I've tried two different approaches so far (opening a NetCDF file stored in S3):
1. Retrieving the file with boto3 and saving to a tempfile
This approach works, but requires a few helper methods, and I can see it becoming a bit clunky going forward:
if provider_def['data'].startswith('s3://'):
tmp = tempfile.NamedTemporaryFile(delete=False)
self.fetch_s3_file(provider_def['data'], tmp.name)
self.data = tmp.name`
code for fetch_s3_file:
def fetch_s3_file(self, object_uri, out_file):
bucket_name, key_name = self.split_s3_uri(object_uri)
s3 = boto3.client('s3')
try:
s3.download_file(bucket_name, key_name, out_file)
except Exception as err:
LOGGER.warning(err)
raise ProviderNoDataError(err)
2. Using fsspec to handle S3 operations
This is my preferred method, but I've been running into some issues. This code fails, and returns the following error: pygeoapi.provider.base.ProviderConnectionError: I/O operation on closed file.
with fsspec.open(S3_URL) as f:
ds = xr.open_dataset(f)
This code (using a work-around mentioned in this s3fs issue) does work, but is extremely slow:
self._data = open_func(fsspec.open(provider_def['data']).open())
Describe the solution you'd like
Ideally I'd like to get fsspec working, and then figure out the best way to integrate/abstract the solution, so we can use data from a number of different cloud services going forward.
Is anyone working on something similar?
I've reviewed these issues, which may provide additional context:
https://github.com/geopython/pygeoapi/issues/724
https://github.com/geopython/pygeoapi/issues/807
I'm also happy to provide more detail - thanks!
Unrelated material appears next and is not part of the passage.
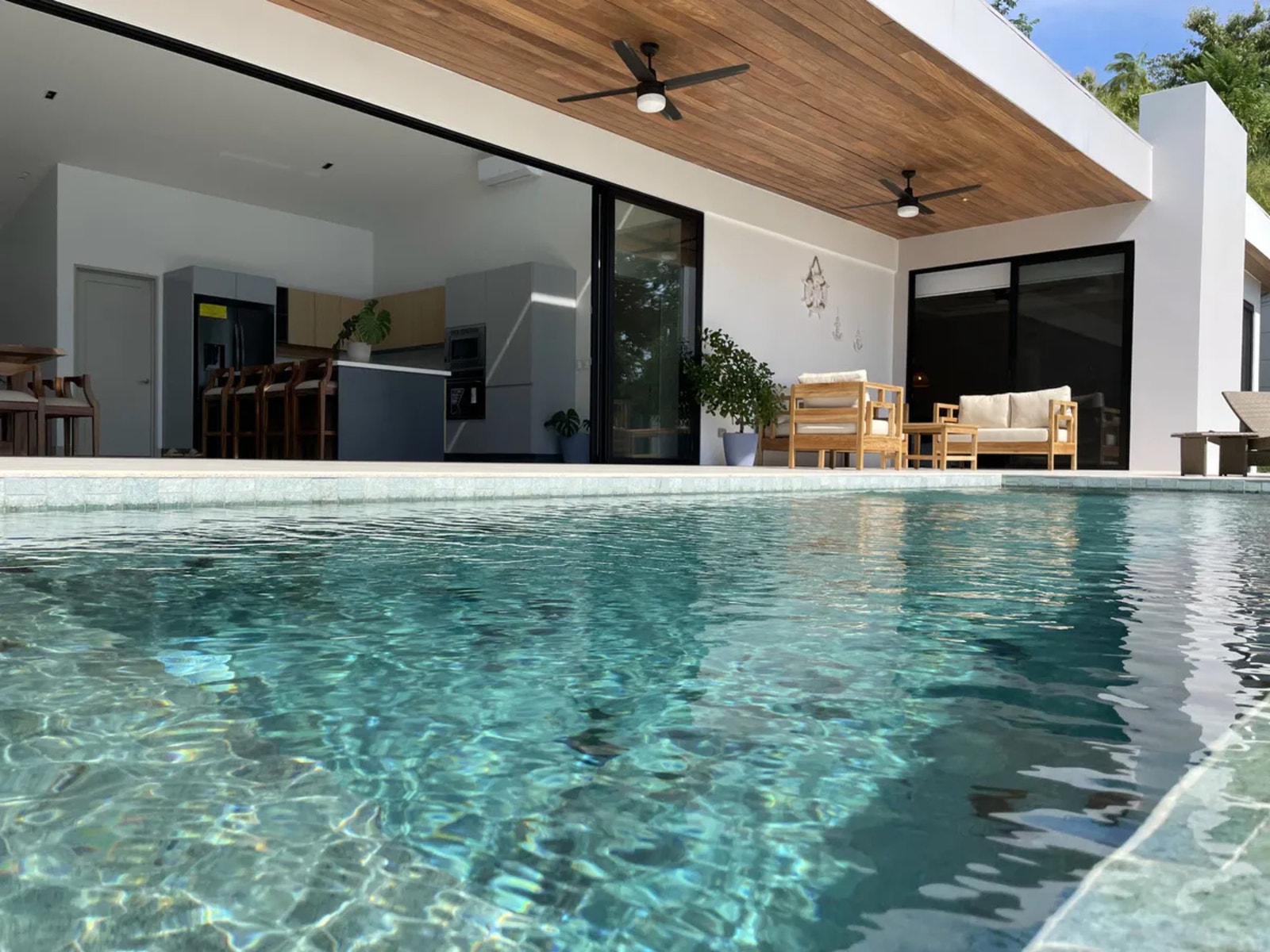 Luxury Residential House with Ocean View and Infinity Pool — photo 2 of 16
Not that I have much to contribute atm, but I'm interested/support. Would also like to extend Approach 2 to any s3-compliant provider. However, I can also see the merits of Approach 1 for the simplest providers (csv, geojson), which might be hosted at random http URLs
@Dylan-Pugh, I am interested in doing exactly the same. Have you made any progress on your custom provider extending XarrayEDRProvider? Is there any interest or movement in integrating this capability into the main branch?
As per RFC4, this Issue has been inactive for 90 days. In order to manage maintenance burden, it will be automatically closed in 7 days.
As per RFC4, this Issue has been closed due to there being no activity for more than 90 days.